Black Widow Spiders Habitat & Other Facts
The female black widow is considered the most venomous spider in North America. The venom of a black widow is 15 times as toxic as the venom of the prairie rattlesnake. The female is the dangerous sex. She will, on occasion kill and eat the male after mating is completed. The female black widow is about ½ an inch long and about 1 ½ inches long when the legs are spread. The male is about half that size. The female is the only one that has the reddish hourglass shape on the underside of the abdomen. Outdoors you should remove and reduce trash from your yard and keep the perimeter of the home free of tall grass, weeds and shrubs, especially near the foundation. Make sure to wear protective clothing and gloves when working outdoors. Always check items that have been in storage for hiding spiders. Pesticides only work on direct contact. You can spray a spider or egg sac you see to kill it but spraying baseboards or areas where they may crawl will not keep them away. This is because spiders do not absorb chemicals through their legs or feet like ants, roaches and other insects do. Sticky traps work and can give you some idea of the population you may be dealing with. Routine pest control to reduce other insects and bugs that are their food source will also help.

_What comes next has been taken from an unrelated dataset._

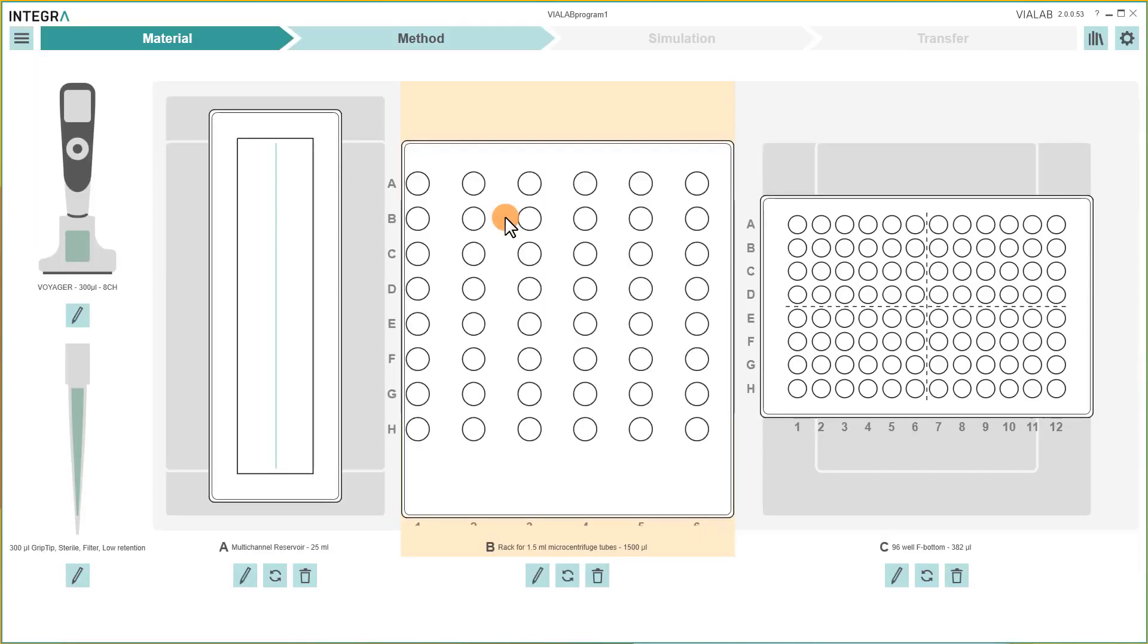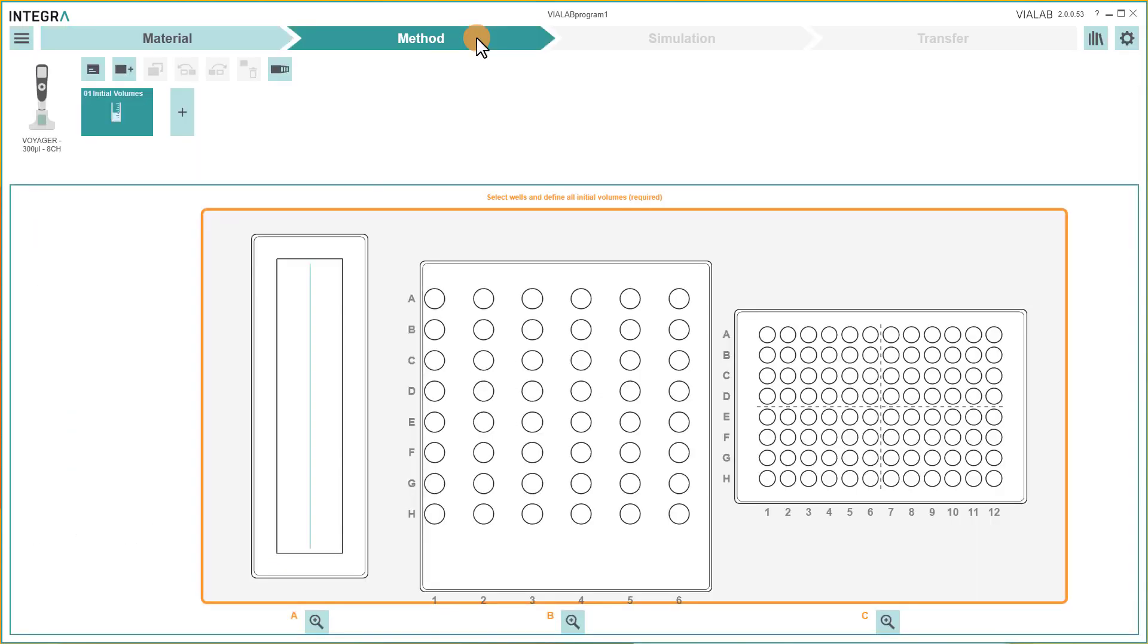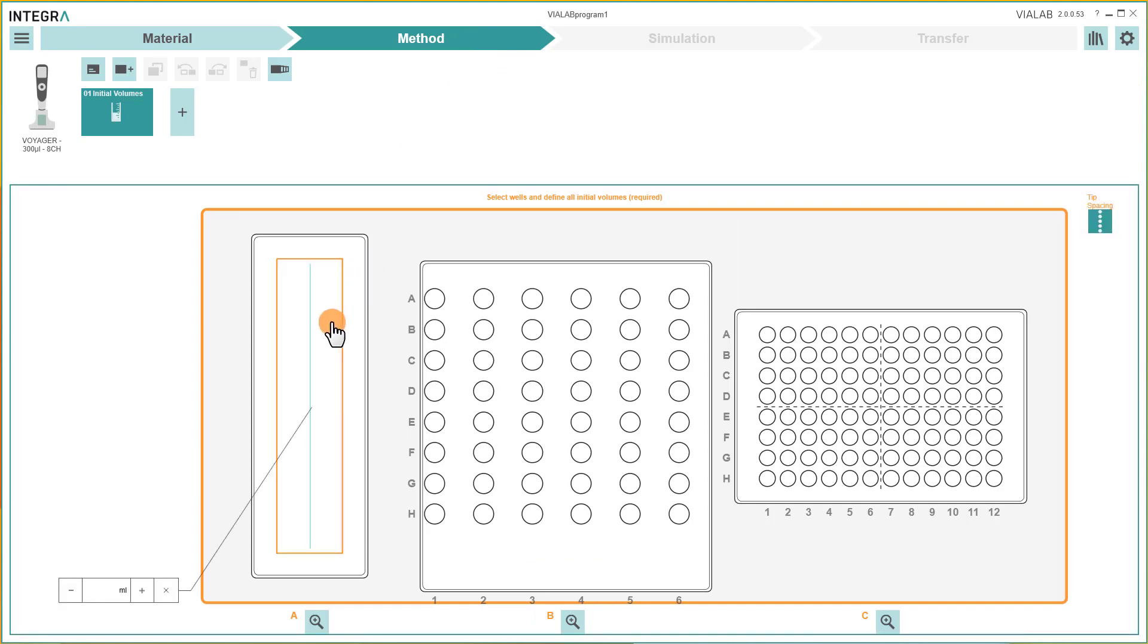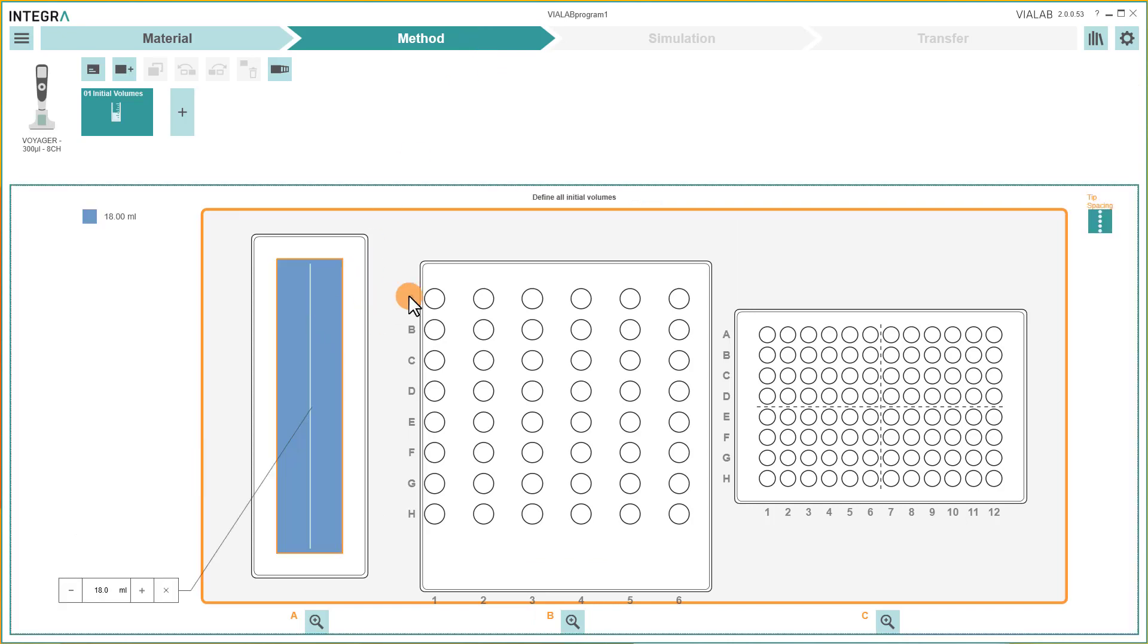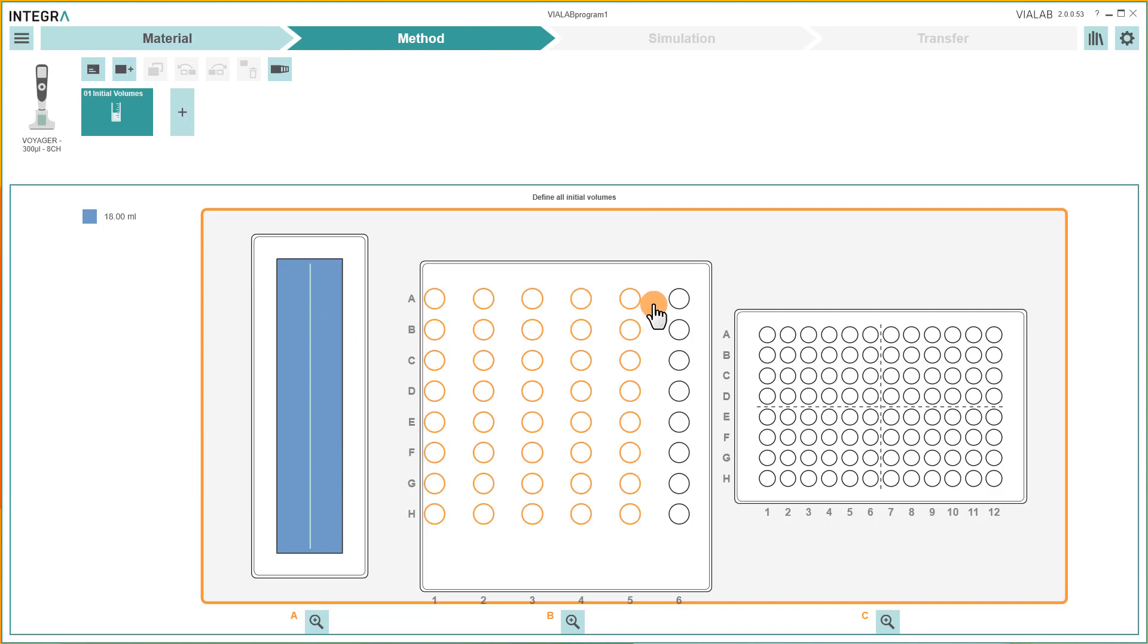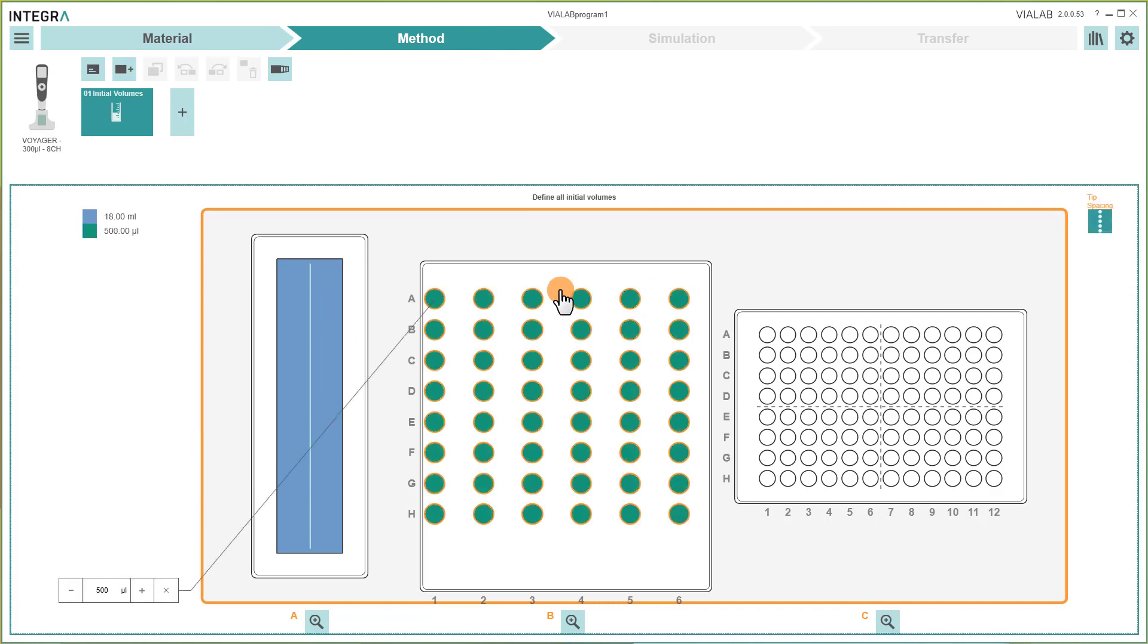To create your pipetting protocol, switch to the section Method. In Step 1, you always have to define the volumes which are already in the vessels. Click on the vessel to enter the initial volume.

How to Identify & Get Rid of Brown Recluse Spiders
The brown recluse spider is only found in the south and central United States. The adult species of this spider can vary in color from dull orange to tawny. The abdomen has no stripes or spots. The adult brown recluse can measure ¼ inch to 7/16 of an inch in body length. At the widest span with their legs, they are about the size of a United States quarter. The giveaway sign that you’re dealing with a brown recluse is the violin-shaped mark on the spider’s abdomen. They like to dwell in dark, sheltered places such as inside barns, homes and basements. This spider is a hunter and the web is not intended to catch prey. To prevent brown recluse spiders there will need to be a combination of chemical treatments and vigorous sanitation to significantly reduce or eliminate a well-developed infestation. Keep the yard, garage, garden shed, or house clean. Look for ¾- inch-wide sacs and knock them down to prevent bugs getting caught in the webs for food. Don’t let them bite. They are shy but will bite if they feel trapped inside shoes, clothing or any tight spot. Insecticide sprays around window and door casings and other entry points into the home will create a barrier to keep brown recluse spiders out. Once established in a structure, brown recluses are difficult to control. There may be hundreds of brown recluses within a home, but they may not be easily seen due to their reclusive, nocturnal habits.